In 2001, Justice Corrigan was part of 4-3 majority which applied a "strict textualist" interpretation to the Michigan Constitution, thereby negating an attempting to prevent Michigan's Shall Issue concealed handgun licensing law from going into effect. The Michigan Constitution allows petitioners to stop a new statute from going into effect by gathering sufficient petitions to put the statute to a popular vote in a general election. However, the Constitution forbids delaying the implementation of a new statute which has an appropriation therein, and the Michigan licensing law included a one million dollar appropriation for county licensing boards. As Justice Corrigan pointed out, anti-gun advocates still could have petitioned for an initiative to overturn the licensing statute; they were simply barred from preventing the statute from going into effect in the period before the next election.

MORE UPDATE: Diane Sykes (7th Cir., formerly Wisc. Sup.
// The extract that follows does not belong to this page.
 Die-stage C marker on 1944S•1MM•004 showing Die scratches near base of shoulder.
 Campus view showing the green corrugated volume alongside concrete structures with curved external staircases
Ct.) voted with a unanimous majority in the Cole case (holding that new Wisconsin constitutional RKBA did not confer a right to carry a concealed gun in an automobile), and with the majority in Hamdan (holding that there was a constituitonal right to carry concealed on one's business premises). (Both cases are discussed in my Albany Law Review article on state constitutional decisions on concealed carry.) According to one report of the oral argument, her questions showed her to be a gun owner, and to be supportive of the RKBA.

Even if printed in orange, it is beyond arrogance for a group of scholars who share a particular viewpoint to self-label it the "Standard Model" and thereby attempt to suggest that their adversaries are kooks.
10.29.2005 3:34pm
Ross Levatter (mail):
I'm not a lawyer, but I believe it is referred to as the Standard Model because it is the viewpoint taken by over 90% of articles appearing on the topic in peer-reviewed literature--including major law journals and writings by highly respected Constitutional Law professors--over the last 20 years.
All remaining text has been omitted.